#### Brief
Each line of the material should be set down exactly. Pictures are not part of the copy.

#### Available data
--

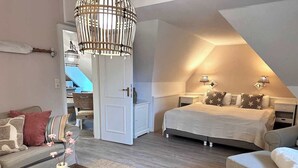 A bedroom with a bed, bedside tables, a nightstand, a hanging light fixture, a door, and a view of a balcony. - Gemütliche 2,5 Zimmer unter Reet in SPO (Sankt Peter-Ording)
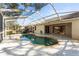 Inviting kidney-shaped pool with screened enclosure at 9287 New Orleans Dr, Weeki Wachee, FL 34613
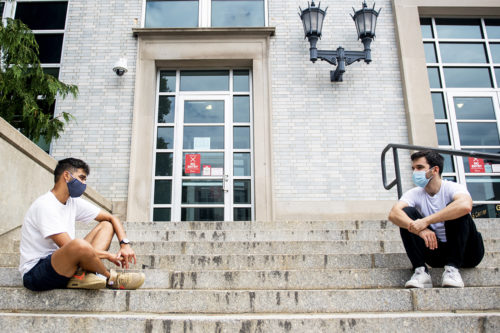 Students socialize from a safe distance on Northeastern’s Boston campus. Photo by Ruby Wallau/Northeastern University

--

#### Response to the exercise
 A bedroom with a bed, bedside tables, a nightstand, a hanging light fixture, a door, and a view of a balcony. - Gemütliche 2,5 Zimmer unter Reet in SPO (Sankt Peter-Ording)
 Inviting kidney-shaped pool with screened enclosure at 9287 New Orleans Dr, Weeki Wachee, FL 34613
 Students socialize from a safe distance on Northeastern’s Boston campus. Photo by Ruby Wallau/Northeastern University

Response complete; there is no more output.